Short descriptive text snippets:

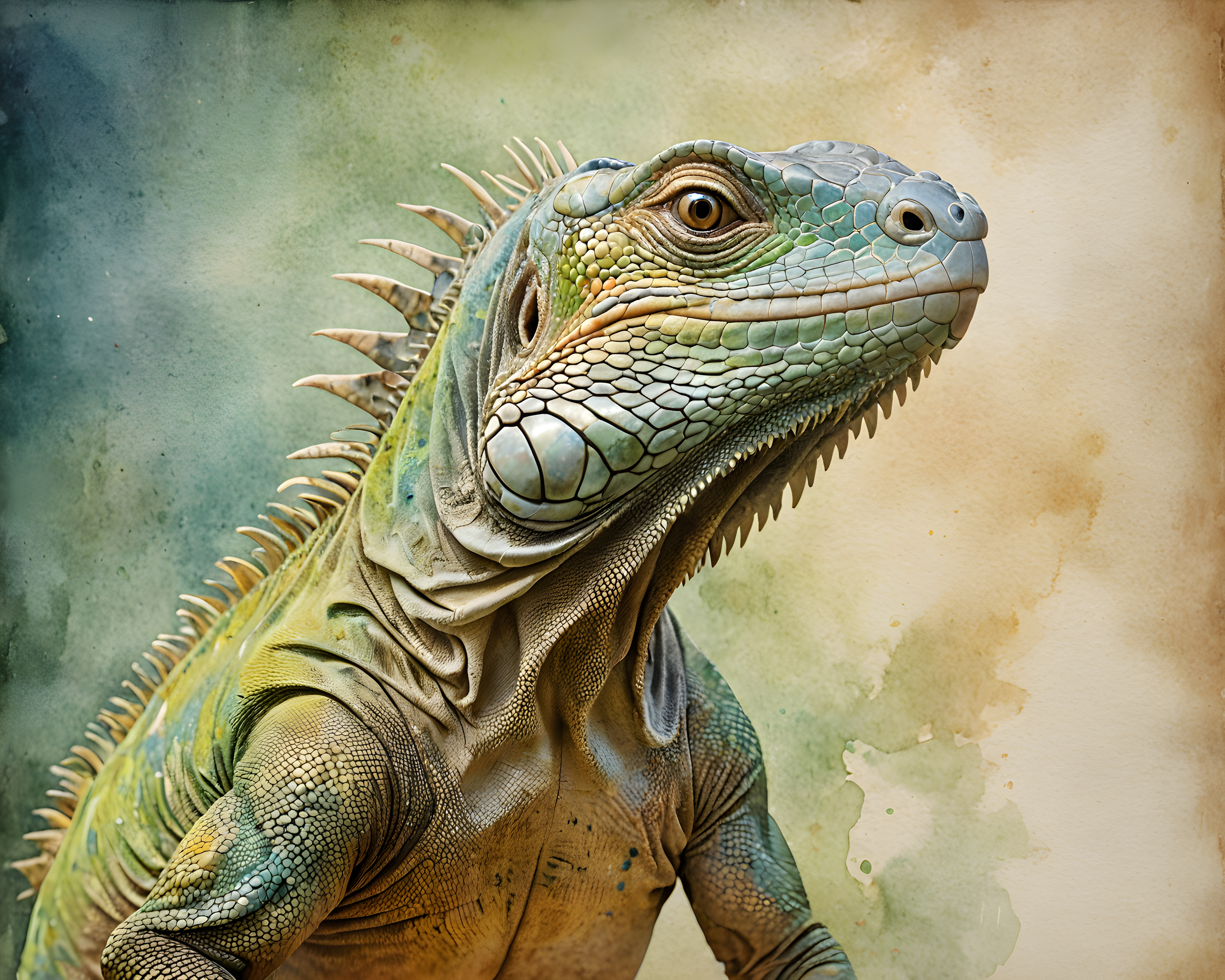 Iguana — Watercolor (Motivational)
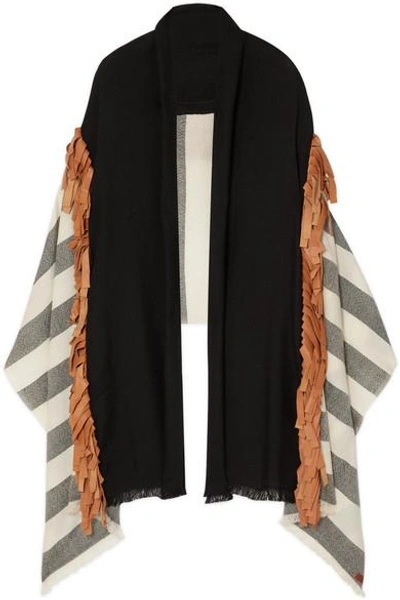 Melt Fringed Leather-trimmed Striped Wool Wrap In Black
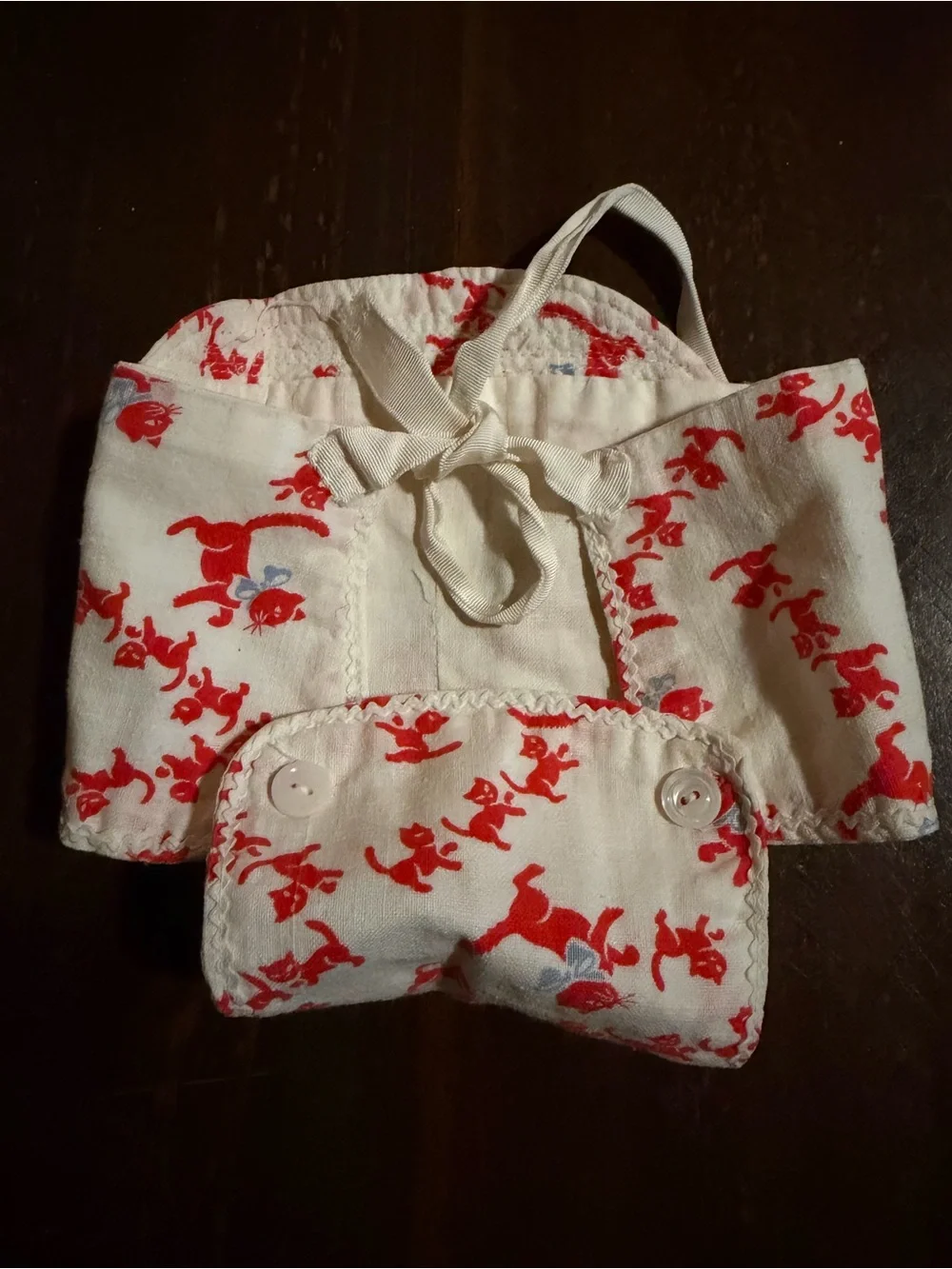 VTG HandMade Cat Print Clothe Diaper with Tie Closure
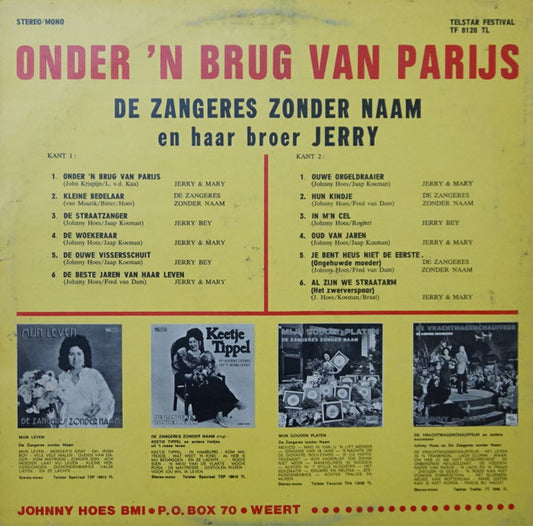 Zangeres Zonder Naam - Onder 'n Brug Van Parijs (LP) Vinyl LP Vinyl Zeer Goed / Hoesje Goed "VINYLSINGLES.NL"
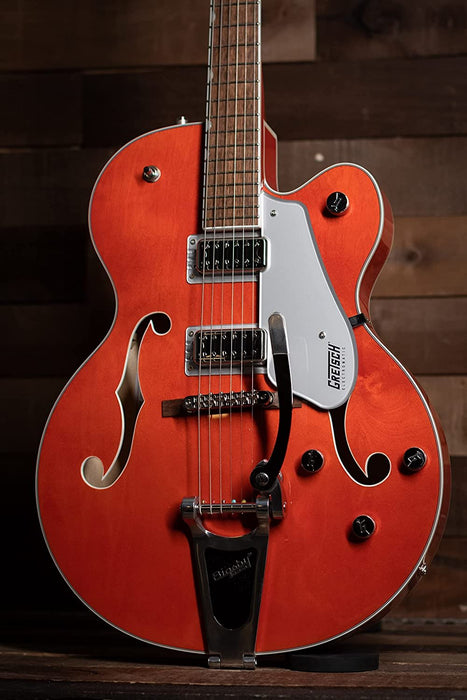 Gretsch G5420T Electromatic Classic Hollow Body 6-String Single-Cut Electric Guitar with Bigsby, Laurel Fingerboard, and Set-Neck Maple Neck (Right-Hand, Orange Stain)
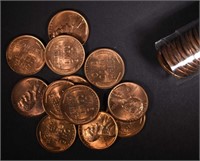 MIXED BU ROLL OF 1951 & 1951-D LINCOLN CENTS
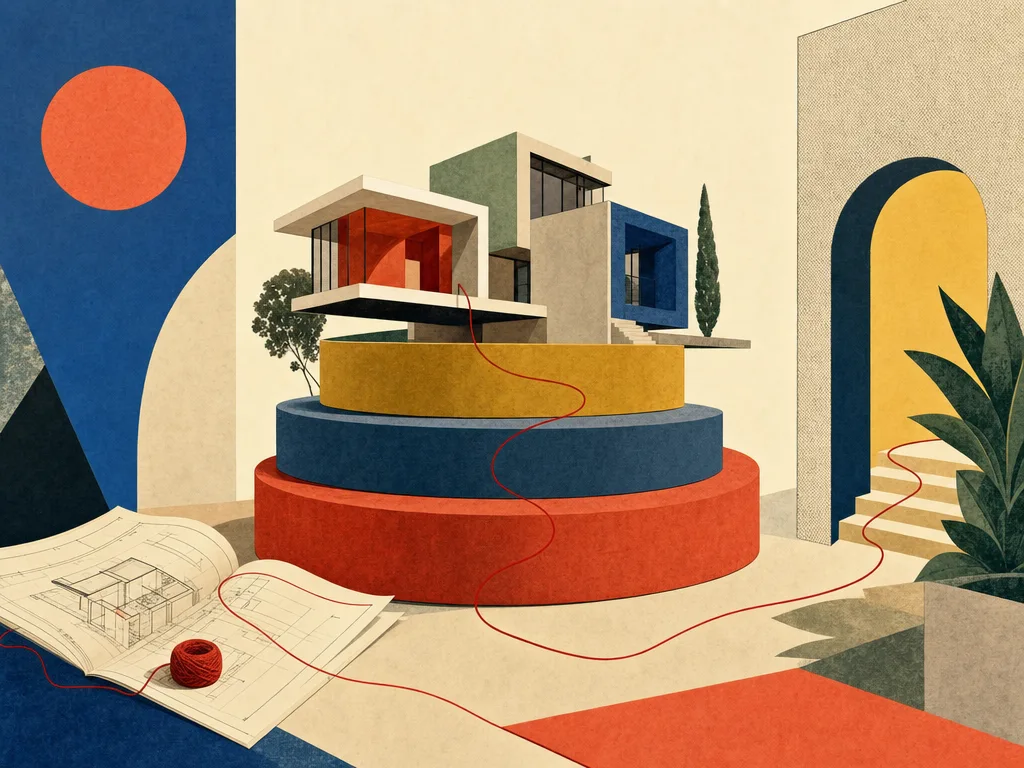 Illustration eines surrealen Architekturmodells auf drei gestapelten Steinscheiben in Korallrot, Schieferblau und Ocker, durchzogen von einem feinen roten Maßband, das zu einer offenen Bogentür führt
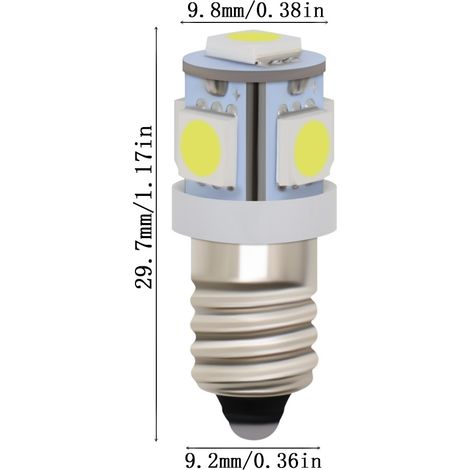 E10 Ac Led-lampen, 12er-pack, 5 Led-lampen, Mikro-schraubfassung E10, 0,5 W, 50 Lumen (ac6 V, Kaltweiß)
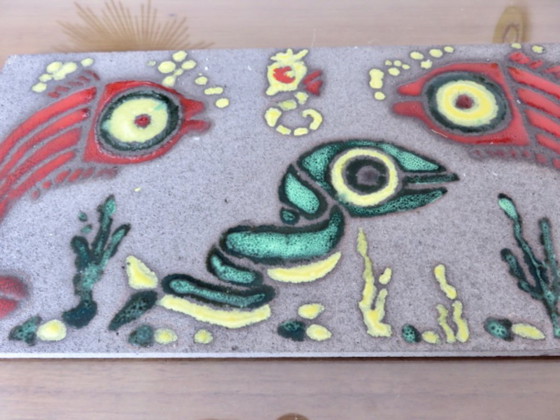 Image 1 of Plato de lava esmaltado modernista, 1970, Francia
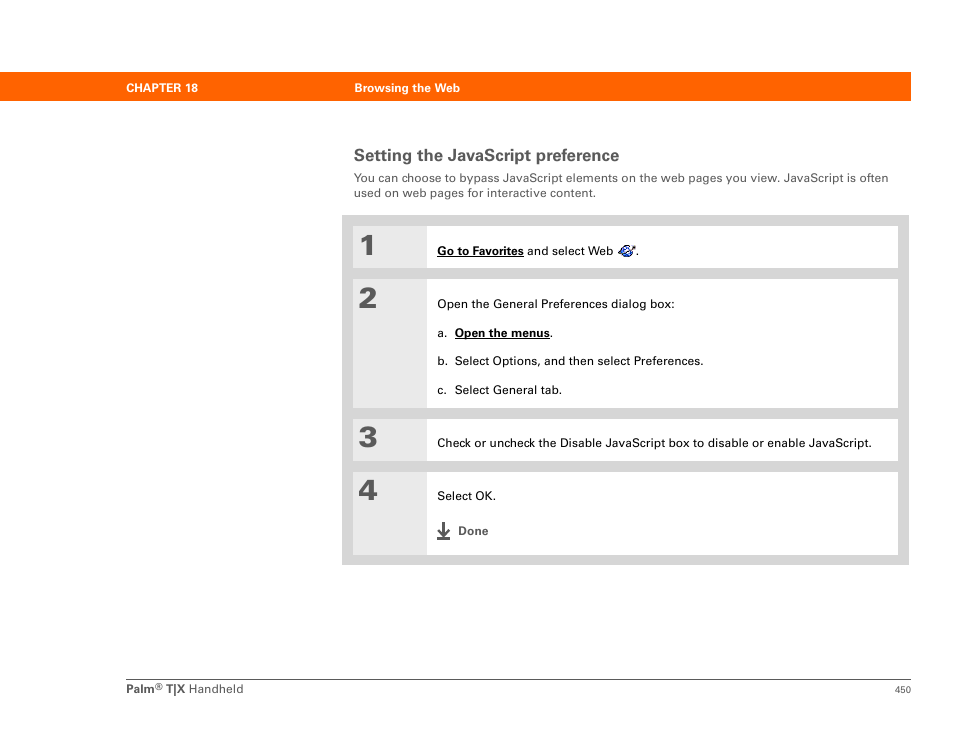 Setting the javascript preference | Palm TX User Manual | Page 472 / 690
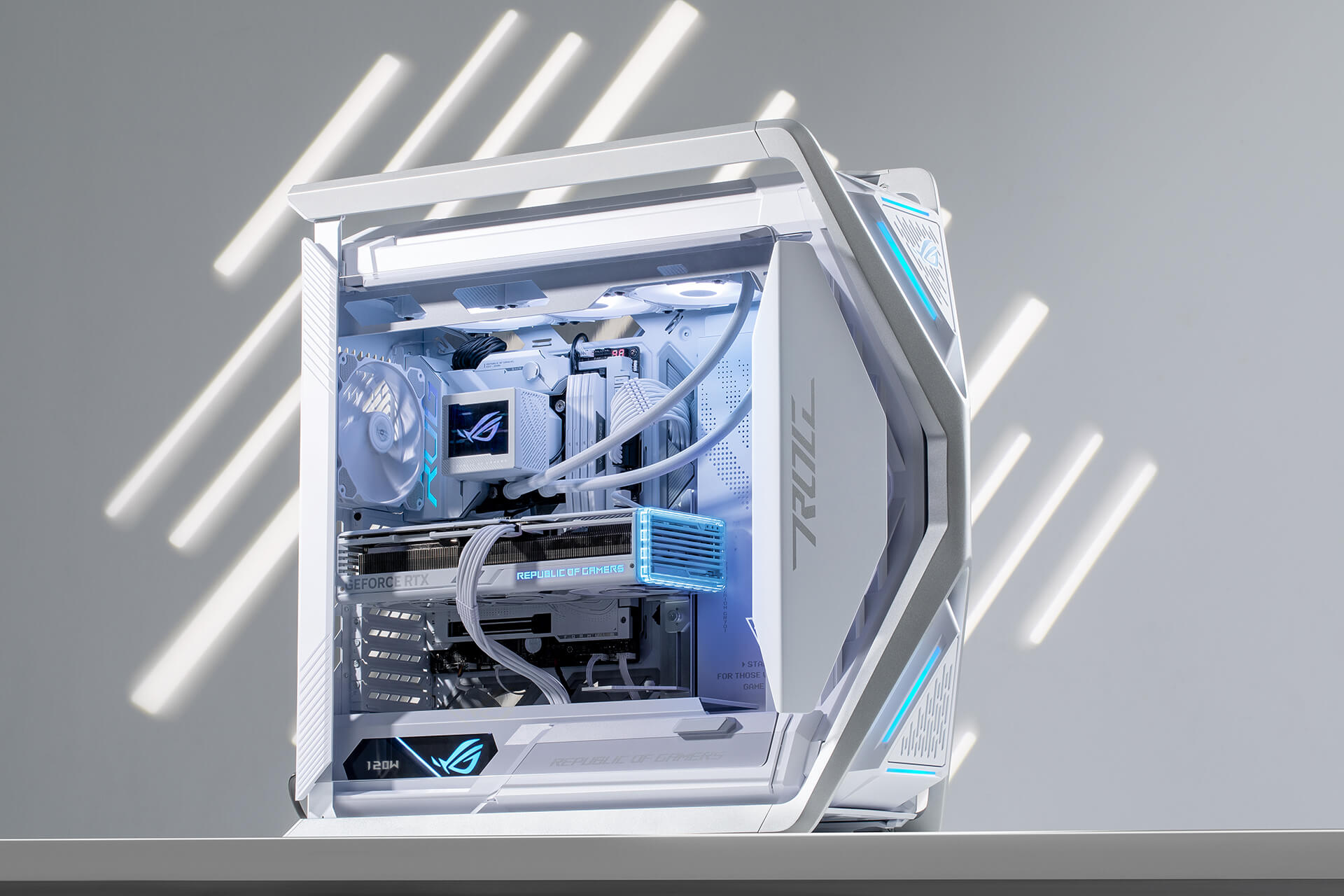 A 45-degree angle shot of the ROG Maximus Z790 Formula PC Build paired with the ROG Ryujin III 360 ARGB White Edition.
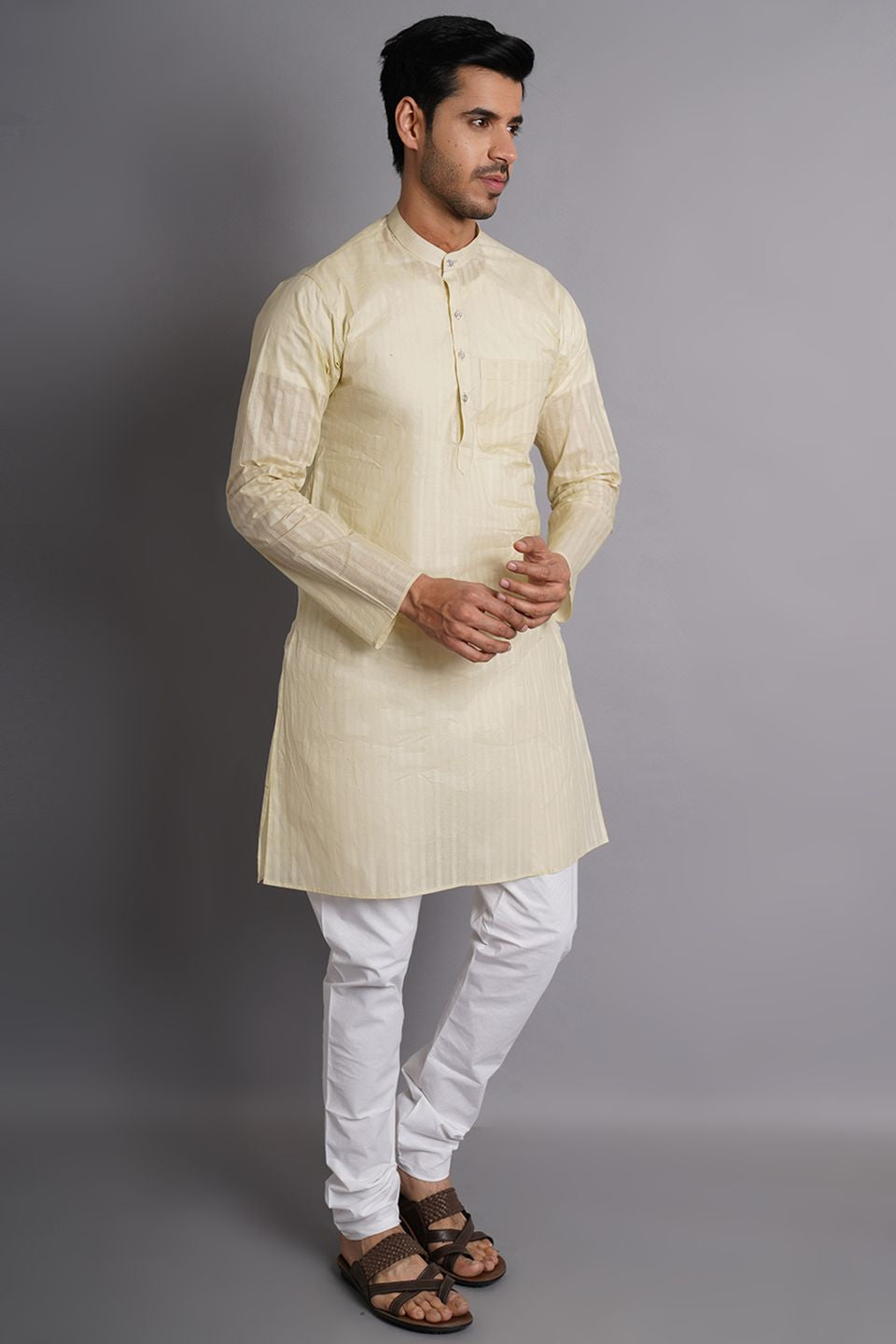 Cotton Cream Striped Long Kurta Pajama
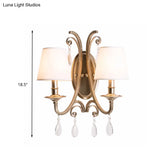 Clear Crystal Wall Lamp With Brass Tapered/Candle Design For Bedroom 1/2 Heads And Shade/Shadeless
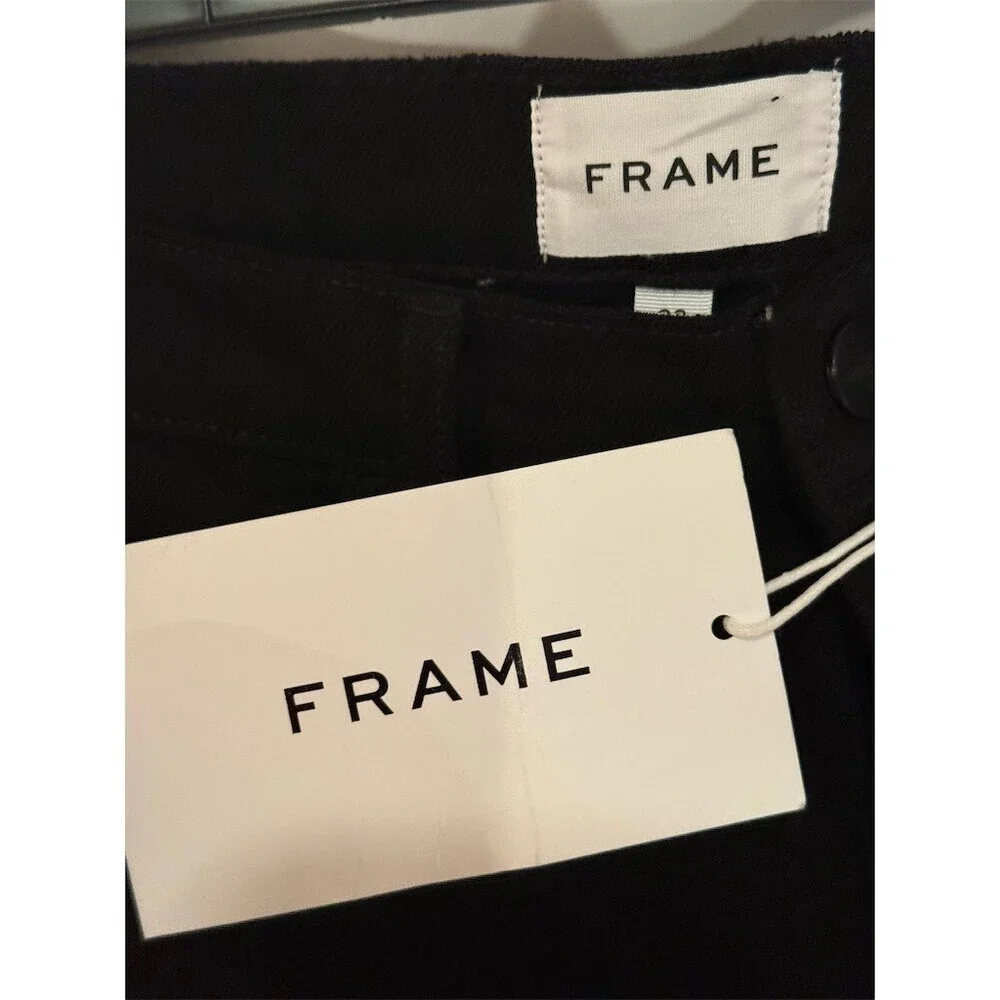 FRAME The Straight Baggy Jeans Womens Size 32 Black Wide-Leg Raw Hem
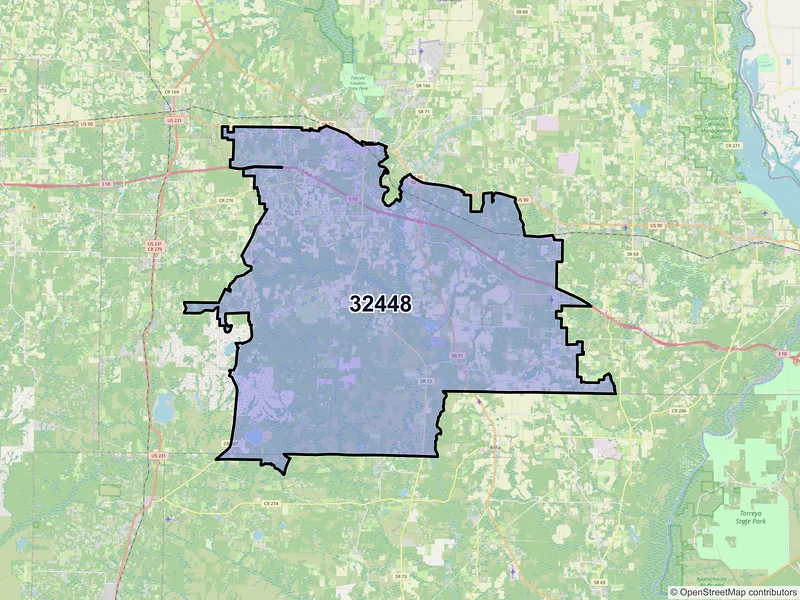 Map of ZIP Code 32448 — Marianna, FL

BRIEF:
Pictures are not part of the copy. Extract exactly the lines from the line containing "Cotton Cream Striped Long Kurta Pajama" through the final line of the entries above, both included.

WRITTEN RESPONSE:
 Cotton Cream Striped Long Kurta Pajama
 Clear Crystal Wall Lamp With Brass Tapered/Candle Design For Bedroom 1/2 Heads And Shade/Shadeless
 FRAME The Straight Baggy Jeans Womens Size 32 Black Wide-Leg Raw Hem
 Map of ZIP Code 32448 — Marianna, FL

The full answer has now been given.